Aslında bu tür kadınlar ve erkekler ne istediklerini bilememekten yana şikâyetçiler. Sadakat duygusundan yoksun bu tarz insanlar kendilerini mutsuz ettikleri gibi birbirlerini ve çevresindeki herkesi mutsuzluk lodosuyla sürüklemeye meyilliler.
Hiç o tarz bir insanı düzeltmek için çabalamayın. çünkü onlar asla düzelmeyecekler. Hayatları boyunca daima doyumsuz olmaya devam edip, yaşamlarını yalan üzerine kurgulayarak, kısa mutluluklarıyla kocaman bir mutsuzluk yaratıp iç dünyalarında yapayalnız biri olarak kalacaklar.

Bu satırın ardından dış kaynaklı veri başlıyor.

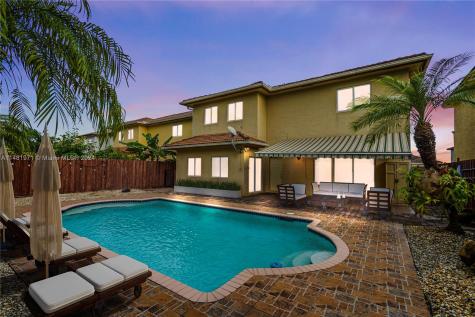 13744 SW 124th Avenue Road Miami FL 33186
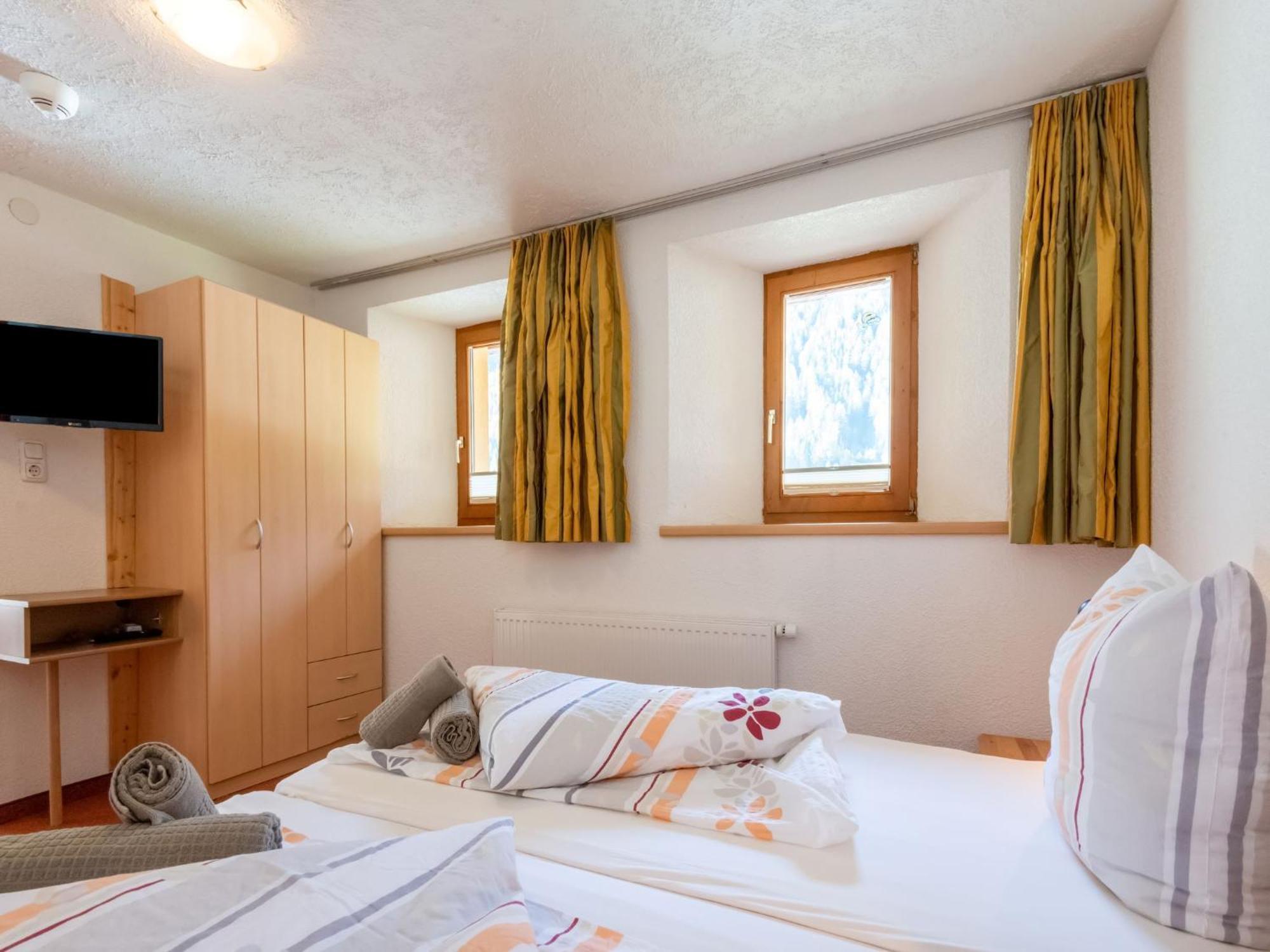 Haus Anna Hotel Längenfeld Buitenkant foto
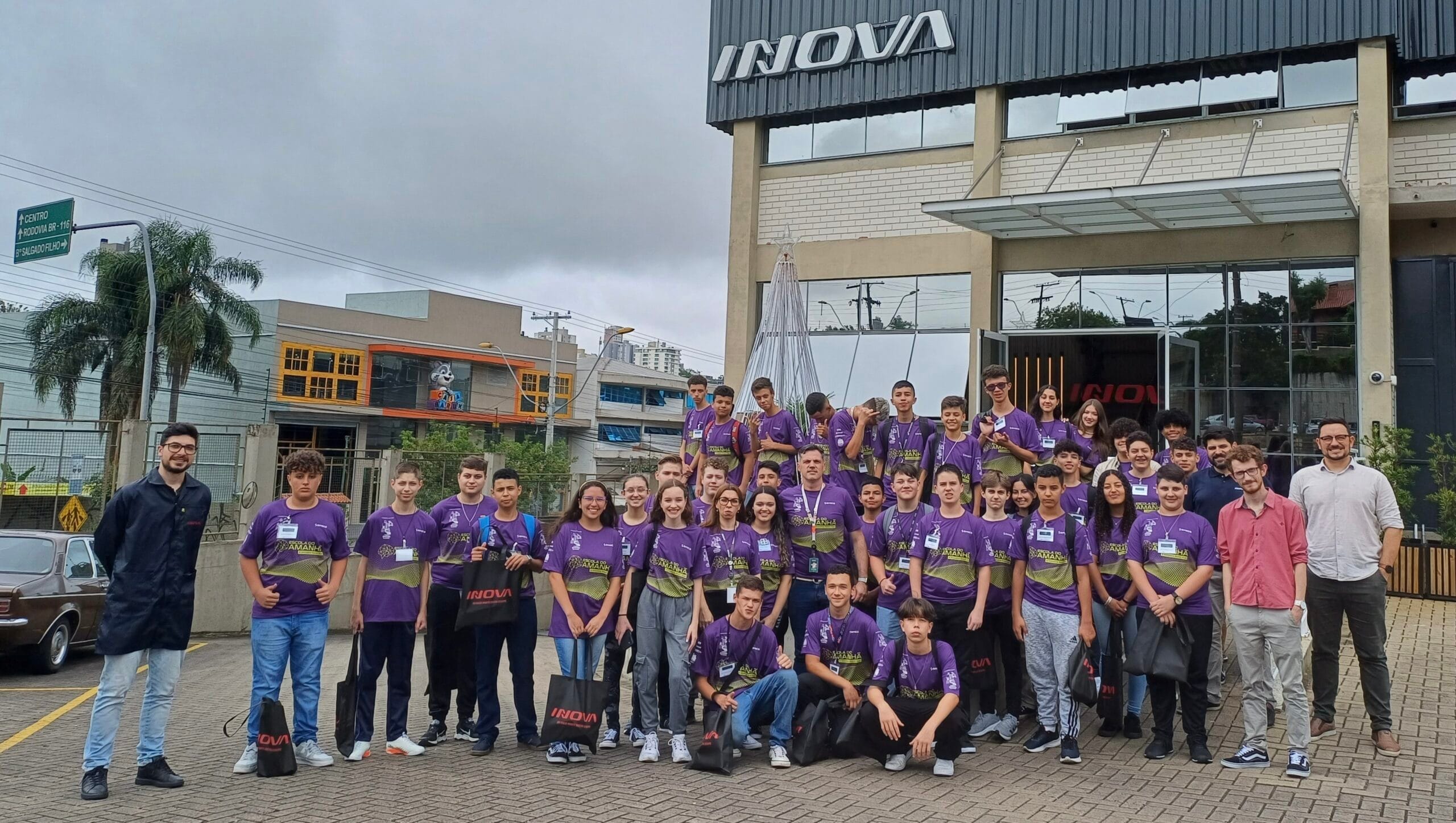 ‘Escola do Amanhã’ forma a primeira turma   Projeto realizado pelo Simecs, em parceria com o Senai, Sicredi e Prefeitura de Caxias aproxima jovens da realidade da indústria
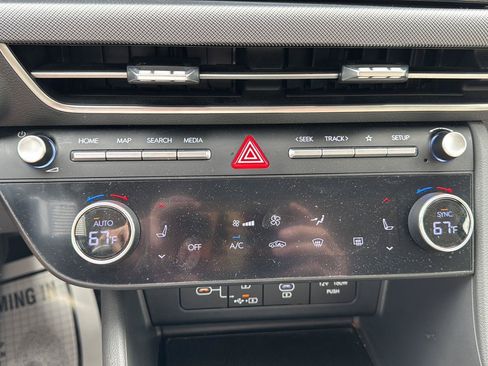 Used 2024 Hyundai Sonata SEL FWD image 16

Sevgisiz insanların sevmesini de beklemeyin. Bir insanın kendisine saygısı yoksa karşısındakine olmasını hiç beklemeyin zaten. Böyle bir kadınla ya da adamla evliyseniz de çok geçmiş olsun. Karşınızdaki kişi ucuz hesaplarla kazandığını sandığı ucuz bir yaşama adım atmış. Siz ise eşinizin doyumsuzluğu üzerine yaşam adına bir ders daha almışsınızdır. Kalbiniz kırık, boynunuz bükük ama alnınız ak bir şekilde yolunuza devam edersiniz üzülmeyin. İlişkinizi, kendinizi, onun bu davranışını hiç “neden sonuç ilişkisinde” anlamlandırmakla uğraşmayın. Zaten çözmek pek de mümkün değil. Siz yolunuza bakın. Zaman her şeyin ilacıdır.